# Another Super Large Ambrosia Maple



## gvwp (Feb 16, 2018)

This log came from one of our logging jobs. I've been trying to get to this tree for 3 years now. Grew in a very wet part of the job and I finally was given a window to get the tree out. It was surrounded by a lot of other trees that had to be cut first. About 50 feet from the edge of a farm field. The field would be dry as a bone but where the tree was located was wet most of the time so it made it difficult to remove but I finally was able to get the job done. What a reward. As expected the tree was FULL of figure. As a bonus much of it contained curly figure as well. A beautiful HUGE butt log. 43" and oversize even for my mill but we were able to get it broken down. Here are a few pictures.

Reactions: Like 4 | EyeCandy! 13 | Way Cool 4


----------



## DKMD (Feb 16, 2018)

Sweet mother load!

Reactions: Agree 2


----------



## Nature Man (Feb 16, 2018)

Not sure it gets much better than that!
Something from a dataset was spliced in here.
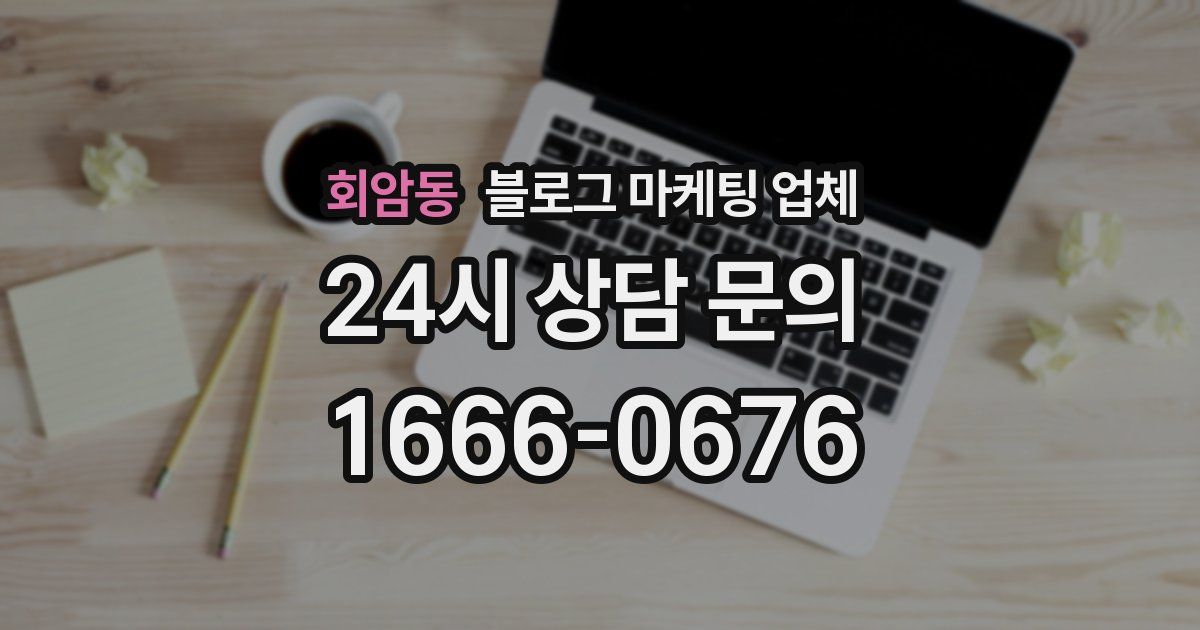 회암동 블로그 마케팅 업체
Are you planning to offer any deals on WB? Chuck

Reactions: Agree 1


----------



## Eric Rorabaugh (Feb 16, 2018)

Beautiful is all I can say!


----------



## Nature Man (Feb 16, 2018)

Nature Man said:


> Not sure it gets much better than that! Are you planning to offer any deals on WB? Chuck


Saw that you already did... Chuck


----------



## woodtickgreg (Feb 16, 2018)

Very nice, so fun to open a log and see all of that! Turning blanks!!!!!!

Reactions: Like 1


----------



## gvwp (Feb 17, 2018)

Nature Man said:


> Saw that you already did... Chuck



Actually this log was cut into 3/8" and 1/2" lumber.

Reactions: Thank You! 1


----------



## gvwp (Feb 17, 2018)

woodtickgreg said:


> Very nice, so fun to open a log and see all of that! Turning blanks!!!!!!



All thin lumber from this log Greg. The super heavy logs normally are sawn to make thin lumber 1/8" to 1/2". We get a LOT of logs for turning blanks too. 
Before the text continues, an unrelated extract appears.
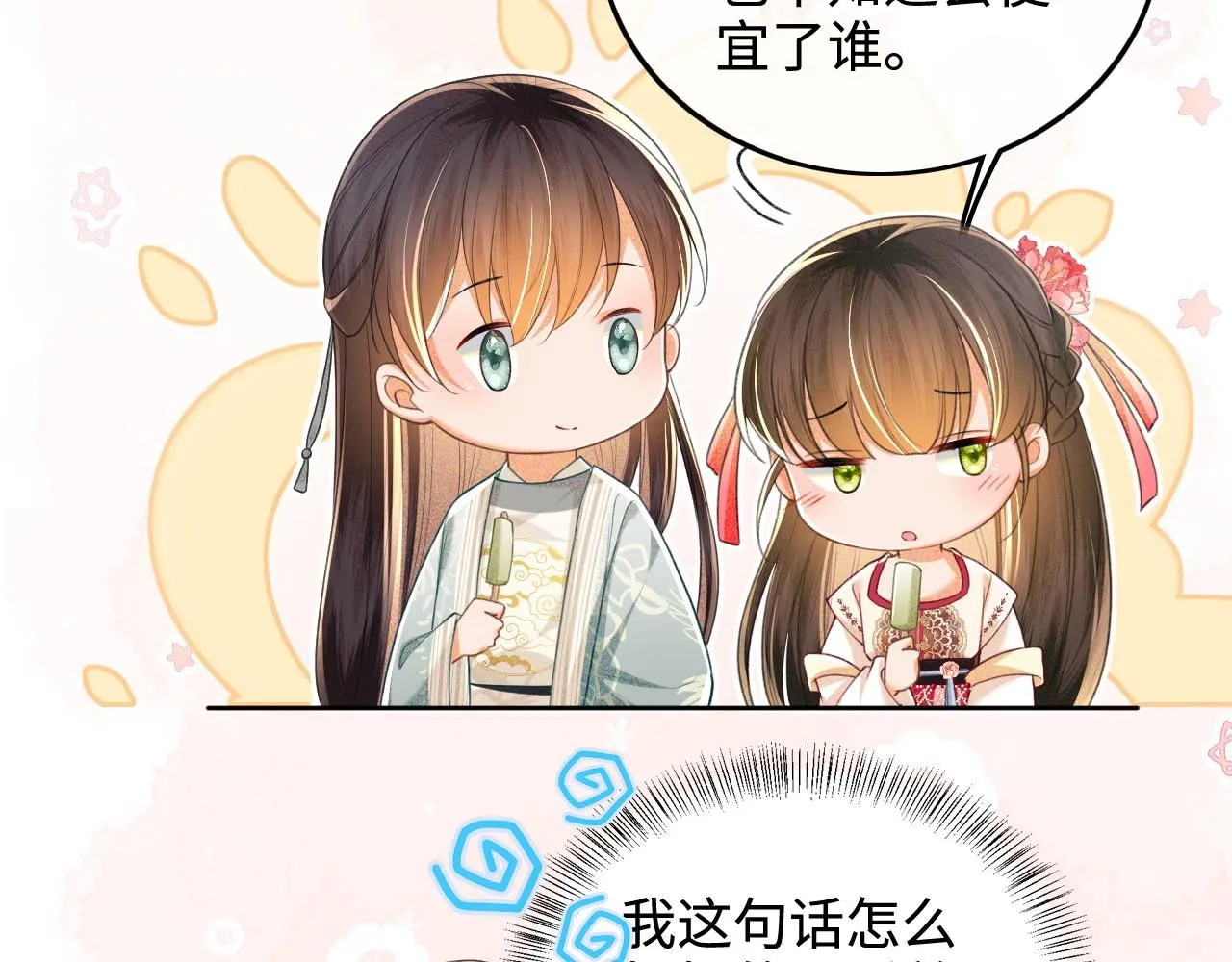 第79话 心仪之人 第39页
Approximately 820 square feet of 3/8" and 1/2" lumber from this log. This will go in the kiln the first of the week and will be ready in about 30 days.

Reactions: Like 1 | Way Cool 6


----------



## David Van Asperen (Feb 17, 2018)

Wow David that is crazy cool. 
Did not know that it was sawn into thin lumber but 1/2 inch makes great scroll saw blanks. I would be extremely interested in some if you were to sell some here.
That is one amazing log


----------



## woodtickgreg (Feb 18, 2018)

What is the thin lumber used for? Or should I say what market are the thin stock milled for?

Reactions: Agree 1


----------



## gman2431 (Feb 19, 2018)

woodtickgreg said:


> What is the thin lumber used for? Or should I say what market are the thin stock milled for?
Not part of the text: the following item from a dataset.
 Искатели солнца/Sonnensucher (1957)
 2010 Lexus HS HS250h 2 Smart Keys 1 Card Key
Glad you asked cause I was curious also and forgot to type a reply.


----------



## woodtickgreg (Feb 19, 2018)

gman2431 said:


> Glad you asked cause I was curious also and forgot to type a reply.


He answered me in another convo.
It's for the hobbiest and wood worker, not for commercial sales as I thought it might be. So for anything a wood worker might need thin stock for, that way you don't have to plane down your thick boards to get thins I guess.

Reactions: Informative 1


----------



## Allen Tomaszek (Feb 20, 2018)

Nice looking log and lumber!


----------